The definitive proscription against using the C shells for scripting is of course Tom Christiansen’s Csh Programming Considered Harmful, but I’ll give you my personal breakdown:

  • Shell redirection.  In a shell script, I quite often do want to redirect stdout and stderr separately, and not being able to do so in the C shells is practically a non-starter.
  • Unset variables.  In the Bourne shells, an unset variable expands to the empty string, which makes sense.  In the C shells, it expands to ... a syntax error.  You have to use $?VARNAME to see if the variable is set before trying to use it, unless you’re very very sure that it will be.  That’s just annoying.
  • Backquotes.  Trying to use backquotes for capturing command output just sucks.  The ksh/bash construct of $(command) is so much better.  Interpolation works, nesting works, it just ... works.
  • Basic string manipulation.  In ksh or bash, I can chop off prefixes or suffixes, do global substitutions, put in default values, and all sorts of other stuff.  In tcsh I pretty much have to echo my variables to sed or somesuch.
  • Basic arithmetic.  In ksh or bash, it’s $(( $VAR + 6 )).  In tcsh, I’d have to pipe that to bc or something.
  • Newlines in strings.  You just can’t in the C shells.
  • Getopts.  No such thing in the C shells.
  • Trap.  No such thing in the C shells.
  • Extended pattern matching.  No such thing in the C shells.
  • "$@".  No such thing in the C shells.

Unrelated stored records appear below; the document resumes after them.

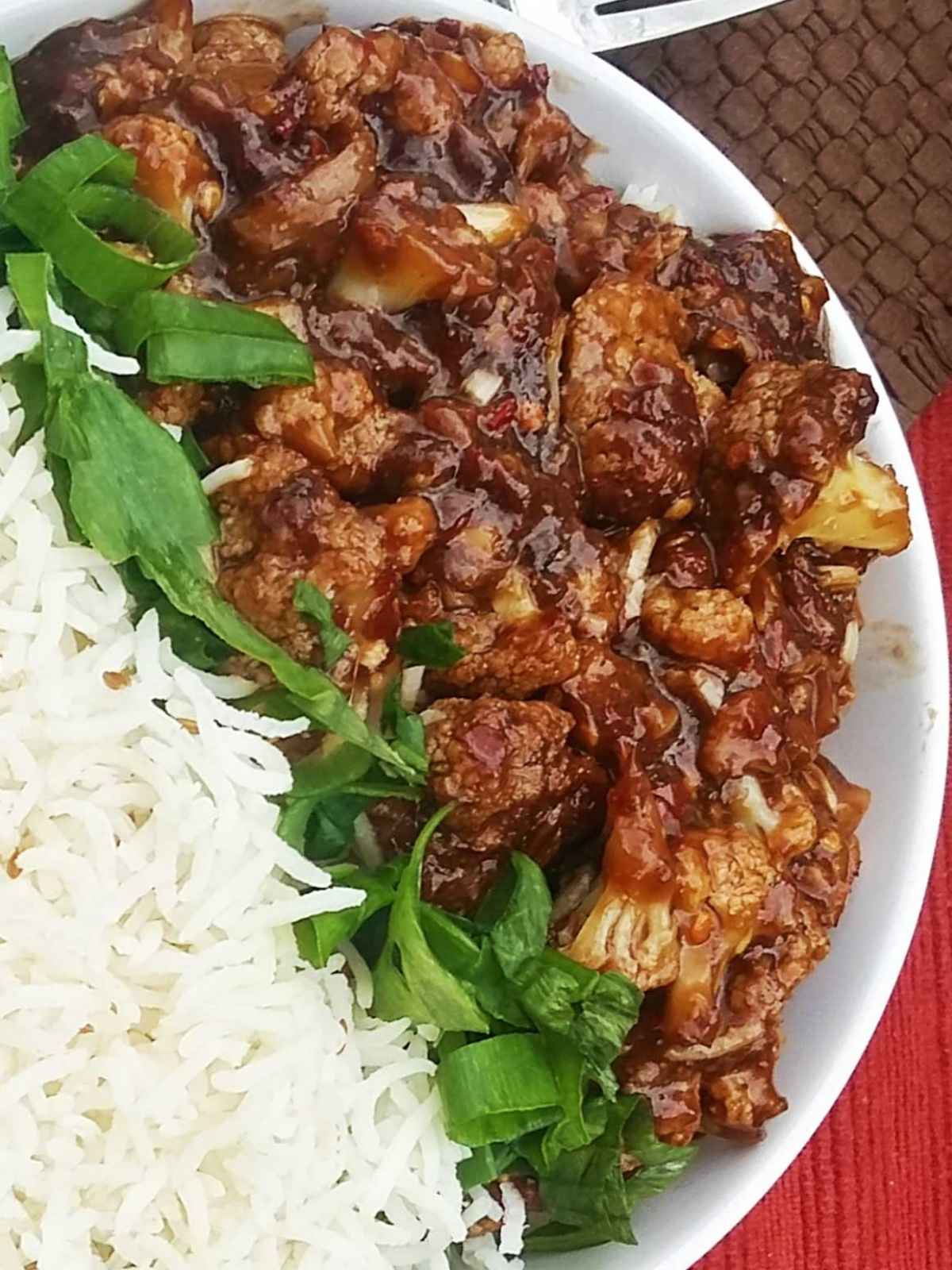 sweet and sour cauliflower in a white bowl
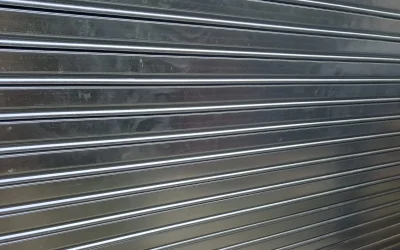 Persiana metálica enrollable cerrada con candado en la parte inferior y entorno de almacén. Tipos de lamas. Blogs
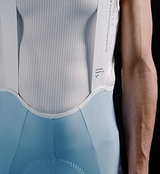 Close-up of men's Pedla SuperFIT 2.0 powder blue full-length cycling bib tights with white breathable mesh bib, Elastic Interface chamois, reflective logos, ergonomic seams and premium Italian fabric for aerodynamic support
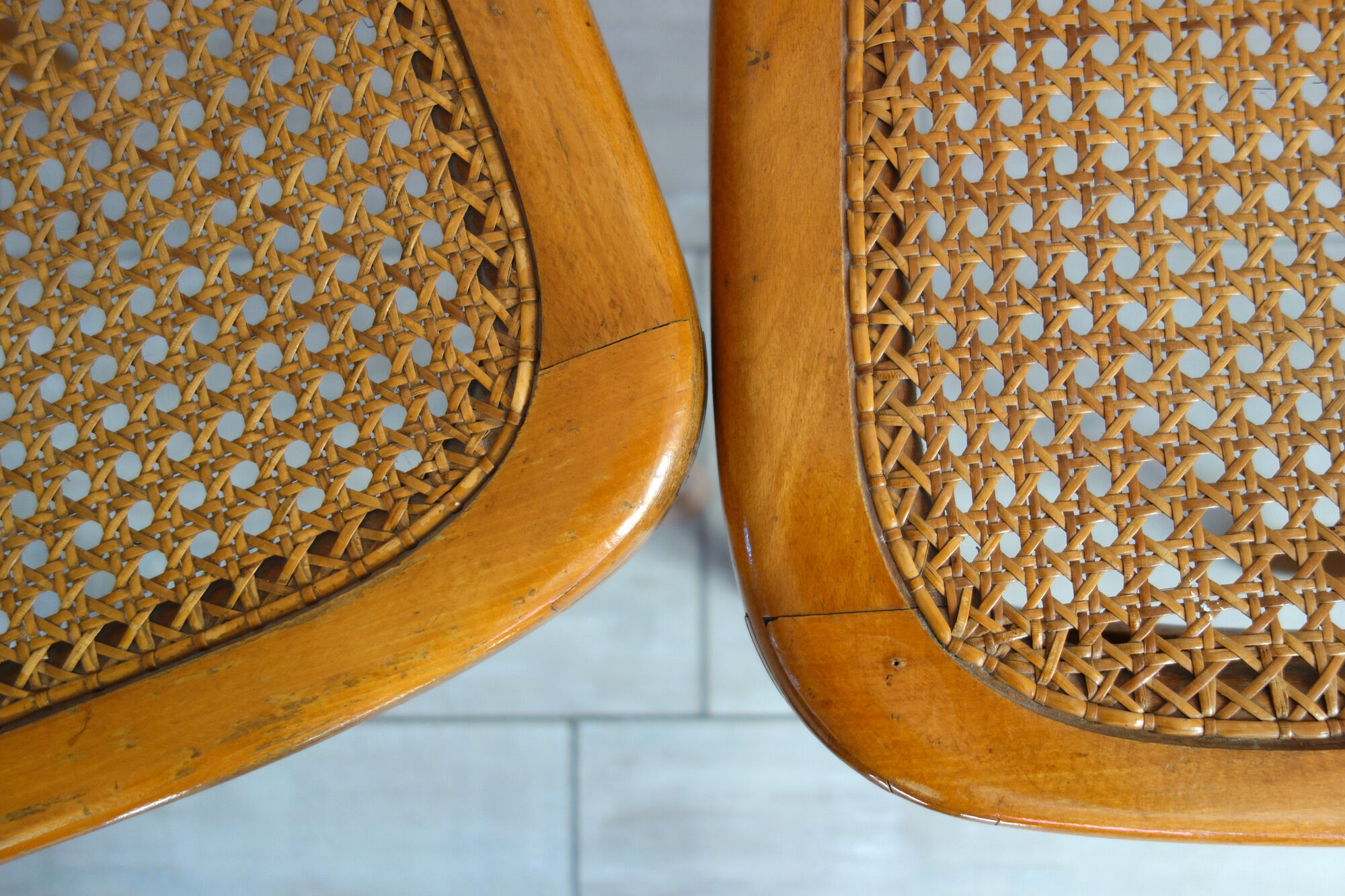 Pair of stella caned bistro chairs, 1930s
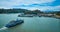 Aerial Golden Gate Ferry heading toward Corinthian Yacht Club on Tiburon coast and distant mountain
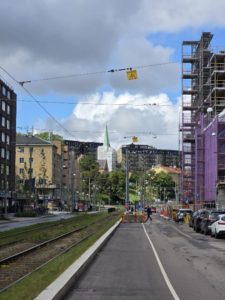 Author's photo of a perspective on Gothenburg, including tram lines alongside a road and buildings on either side, one of which is scaffolded.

I could probably go on.  Or you could just read Tom Christiansen’s essay, linked above.  I don’t agree with everything he says, and some of what he says is nitpicky and doesn’t actually come up that often, but it’s comprehensive, and Tom has experience with “considered harmful” essays.

So hopefully the next time someone asks me why I still use tcsh, after all these years, I’ll pass on a link to this post and that’ll be the end of it.  I don’t mind switching to newer things when it makes sense (I did, eventually, switch from ksh to bash, as I mentioned above), but right now my .tcshrc is nearly 250 lines of painstakingly handcrafted customization over nearly 20 years, and there’s too much effort for not enough gain to try to get used to bash on the command line.  Maybe one day ... but probably not.  Maintaining compatibility with the Bourne syntax inherently creates some difficulties that I simply don’t have any need or desire to overcome.  Perhaps if tcsh ever gets as hard to come by as Betamax machines or PS/2 MCA buses, I’ll reluctantly give it up.  Until then ... why should I?